Au vu de ce qui précède, le jugement qui a condamné solidairement la Sas Foncia [Localité 6] et M. [I] [Y] à indemniser Mme [J] [O] du préjudice de jouissance qu'elle a subi sera réformé.
Sur le préjudice de Mme [O]
Le préjudice de jouissance de Mme [J] [O] est constitué par le fait, que comme le décrit le rapport de la ville de [Localité 6], avec illustration par les photographies produites par Mme [O], elle occupait un espace tellement restreint qu'elle ne pouvait s'y mouvoir, ni y installer une table et une chaise pour y prendre ses repas ni une armoire pour y ranger ses affaires et qu'elle ne pouvait manifestement recevoir personne dans ces conditions.
Dans la mesure où cet immeuble n'aurait pas dû être mis en location à usage d'habitation, c'est à bon droit que Mme [J] [O] réclame le paiement de dommages et intérêts à hauteur de la somme versée à titre de loyers depuis l'origine du bail (10500 euros) ainsi que remboursement des cotisations d'assurance versées depuis l'origine du bail (400 euros), soit un total de 10900 euros et le jugement entrepris sera confirmé sur ce point.
Sur les autres demandes
En application de l'article 696 du code de procédure civile, la partie perdante est condamnée aux dépens, à moins que le juge, par décision motivée, n'en mette la totalité ou une fraction à la charge d'une autre partie.
La Sas Foncia [Localité 6] qui succombe en son appel en supportera donc la charge.
En application de l'article 700 du code de procédure civile, le juge condamne la partie tenue aux dépens ou qui perd son procès à payer à l'autre partie la somme qu'il détermine, au titre des frais exposés et non compris dans les dépens.
Dans tous les cas, le juge tient compte de l'équité ou de la situation économique de la partie condamnée.

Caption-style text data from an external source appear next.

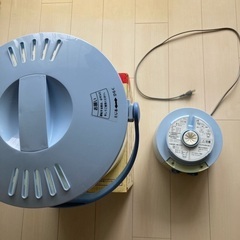昭和レトロ使用感あり動作中 電気バケツ ただのバケツじゃありま洗 2001年製の画像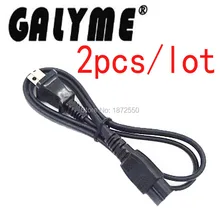 2 шт./лот высокое качество 2-зубец Порт AC шнур питания кабель подходит для SonyPlaystation 4 PS4PS3PS2 тонкий PSP3001 psita черный цвет игры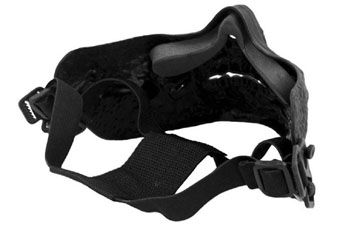 Zombie Skull Half Mask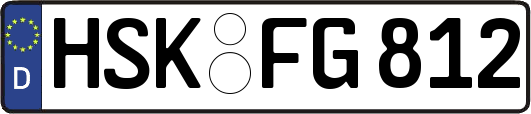 HSK-FG812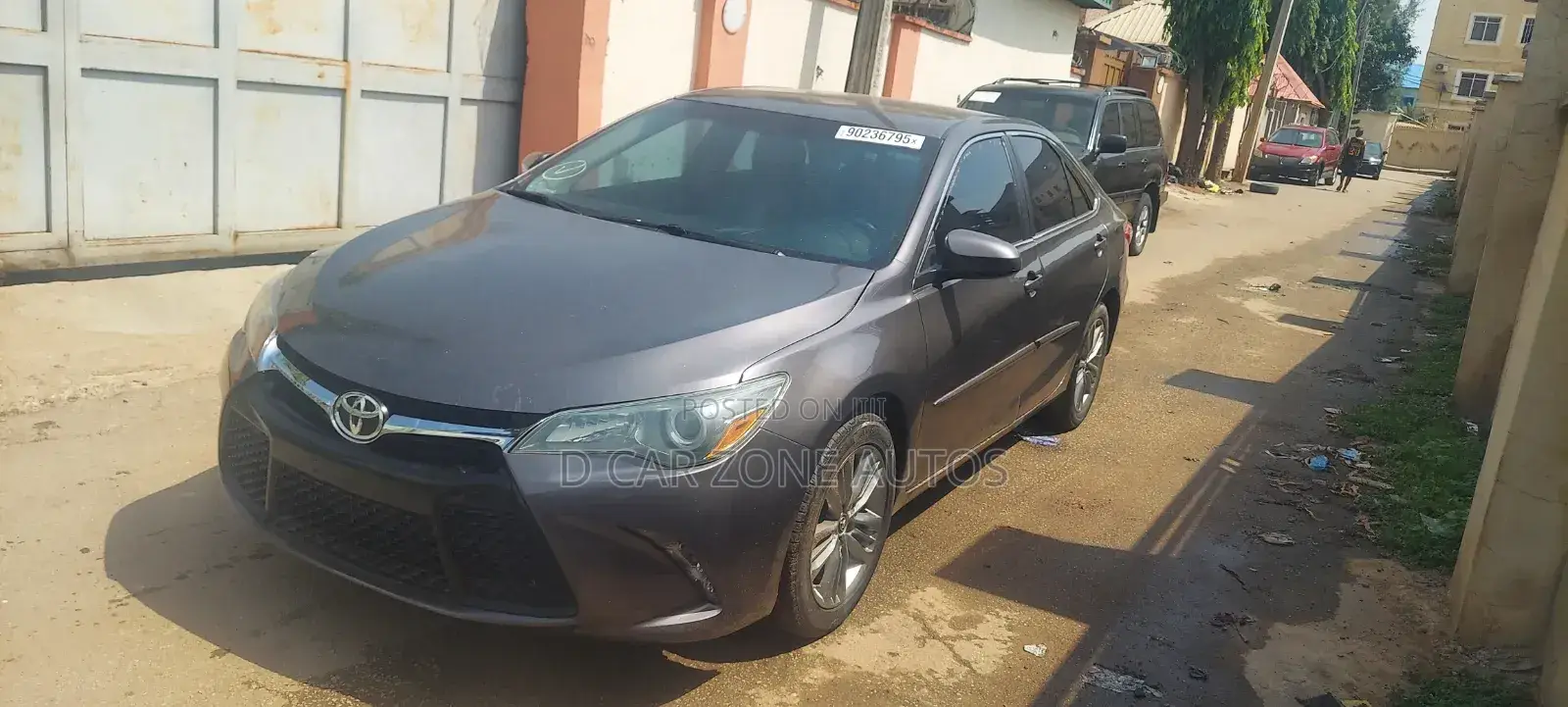 Toyota Camry 2017 Gray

Il peut, même d'office, pour des raisons tirées des mêmes considérations, dire qu'il n'y a pas lieu à ces condamnations.
La Sas Foncia [Localité 6] qui succombe, sera condamnée à payer à Mme [J] [O] d'une part et M. [I] [Y] d'autre part la somme de 1500 euros chacun sur ce fondement.
PAR CES MOTIFS,
La Cour,
Confirme le jugement déféré sauf en ce qu'il a condamné M. [I] [Y] solidairement avec la Sas Foncia [Localité 6],
Statuant à nouveau dans cette limite,
Condamne la Sas Foncia [Localité 6] seule à payer à Mme [J] [O] la somme de 10900 euros,
Y ajoutant,
Condamne la Sas Foncia [Localité 6] à payer à Mme [J] [O] d'une part et M. [I] [Y] d'autre part la somme de 1500 euros chacun sur le fondement des dispositions de l'article 700 du code de procédure civile,
Condamne la Sas Foncia [Localité 6] aux entiers dépens d'appel qui seront recouvrés selon la loi sur l'aide juridictionnelle pour Mme [J] [O].
Le présent arrêt a été signé par Monsieur Roland POTEE, président, et par Madame Séléna BONNET, greffier, auquel la minute de la décision a été remise par le magistrat signataire.